5 miles
franklin hill turn around
36 degrees
95% snow-covered
Oh, I needed this run! Started out rough, walking to the river, slipping on the sidewalk. The path was covered in slick, unsettled snow. But somewhere after the lake street bridge something happened and I started to feel that joy of being outside and breathing in the cold air and feeling my muscles working. Was it around the time I noticed the river? Not white, but brownish gray, free of ice and snow. Or after I passed the unleashed dog and its human near the trestle? While I was running down the franklin hill, my arms swinging rhythmically? Or after I turned on my running playlist as I started running up the hill? Now I remember. It was when ACDC’s Back in Black came on and I picked up the pace between franklin and the trestle. Today I got to fly and it was amazing.

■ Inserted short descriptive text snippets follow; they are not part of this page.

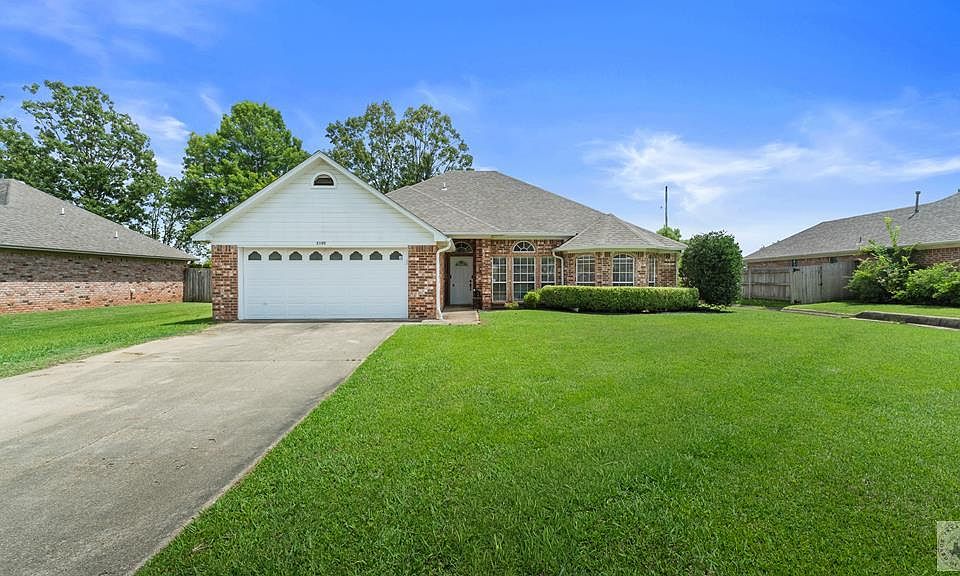 1st image of 2102 Woodway Dr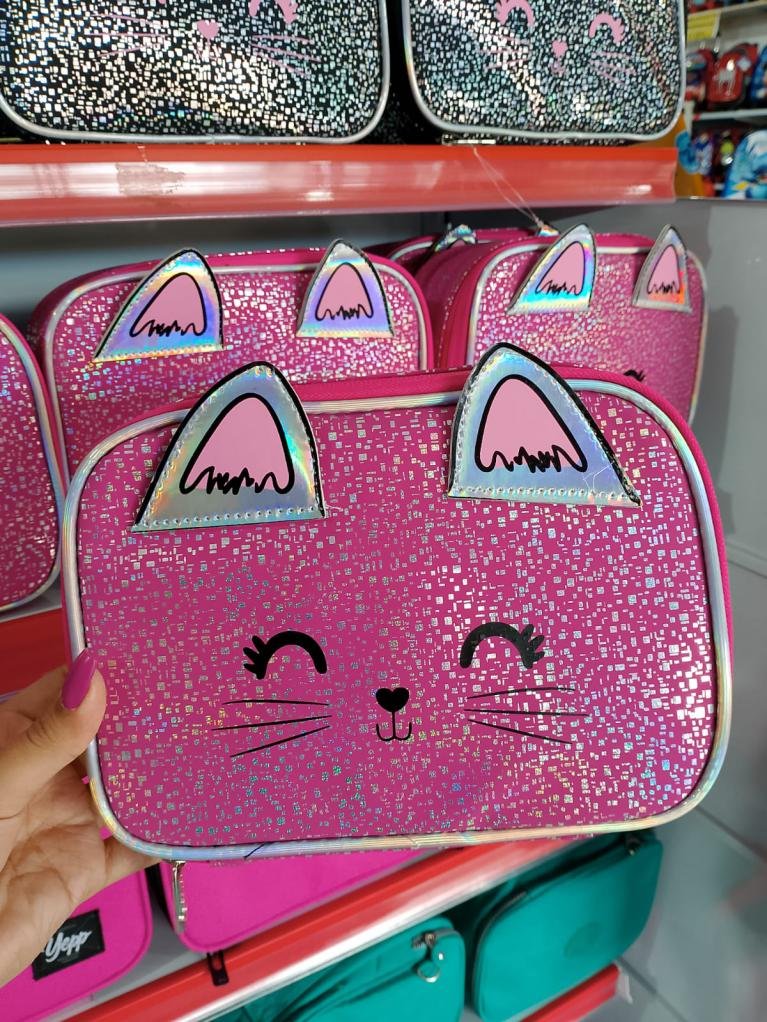 Lancheira infantil rosa de gatinho em Vilhena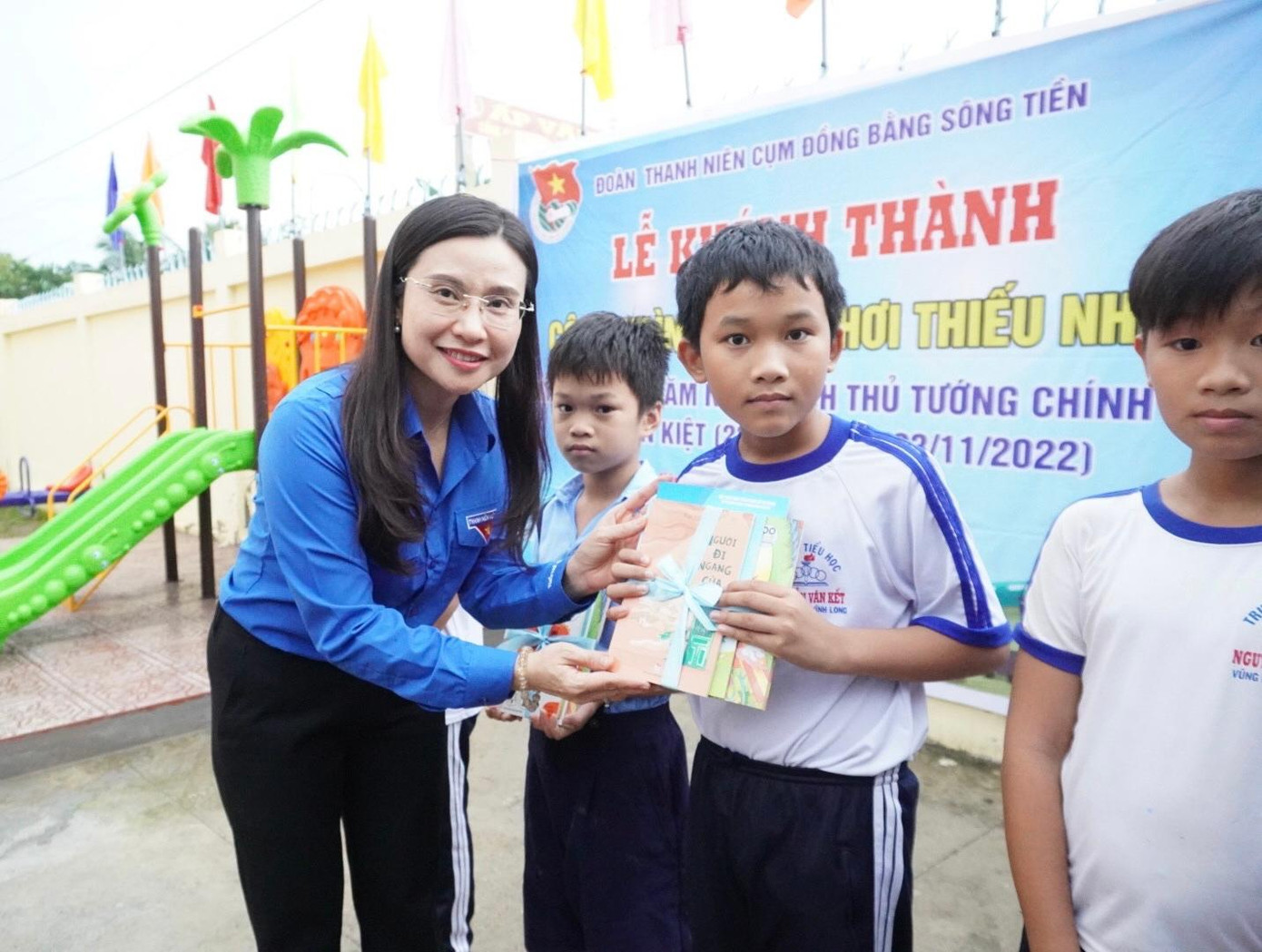 Chị Nguyễn Phạm Duy Trang, Bí thư T.Ư Đoàn, Chủ tịch Hội đồng Đội T.Ư tại lễ khánh thành sân chơi thiếu nhi và tặng quà cho thiếu nhi tại tỉnh Vĩnh Long nhân kỷ niệm 100 năm ngày sinh cố Thủ tướng Chính phủ Võ Văn Kiệt (23/11/1922 – 23/11/2022)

Listened to the Current yesterday for their end of the year/decade (or as Mark Wheat liked to pronounce it: duhCade) wrap-up and discovered Nur-D and “Black Wizard Wave.” Favorite lines: “I’m currently feeling myself” and “I’m so high. Levio Levio Leviosa”
This is the first poem I read in 2020. I found it yesterday morning while scrolling through twitter. Beautiful.
Abstract/ Todd Dillard
A hummingbird has died in my driveway.
My neighbor, mowing his lawn, glimpsed it falling,
and now he holds the body careful as a soap bubble
in the chalice of his broad hands. The summer
this year is sending our street hate mail: FUCK YOUs and
I HOPE YOU DIEs written in sidewalk worms and mosquito bites,
every shirt darkened by Pangaea damp, every kiss salt
lick and dog pant. And it’s ridiculous, really, how no one
has researched why every body gets smaller when held,
how a pocket-sized grief can become a particular tininess: lost
picture, forgotten phone number, memory of an old coworker
who would sing as he mopped the bookstore café, his tenor
rolling through air like rainwater down subway stairs. We hang,
my neighbor and I, suspended in June’s sewer breath,
inventing the kind of time travel where our minds age
backward, turning us into children again, asking:
What should we do? What happens next? Our dead
mothers call from porch steps—dinner’s ready, come
eat these decades while they’re still fresh! And then—
pop—we’re our old selves again, we head to our houses,
him to toss the bird into his garbage bin, then maybe do the dishes,
me to get dinner started, to stand before the open fridge
and wonder what it is I am hungry for
listening to the hum of its engine.
Favorite lines right now: we hang,/ my neighbor and I, suspended in June’s sewer breath,/ and Our dead/mothers call from porch steps
This poem was published in the journal, BOOTH. I looked at their submission policy and found these scary statistics:
- Our acceptance rate is typically around 1% or lower.
- From September to March, we typically receive around 3,500 submissions, or between 15-20 per day.
Wow. I imagine this is pretty typical for most journals. I’m glad I don’t write poetry to get published.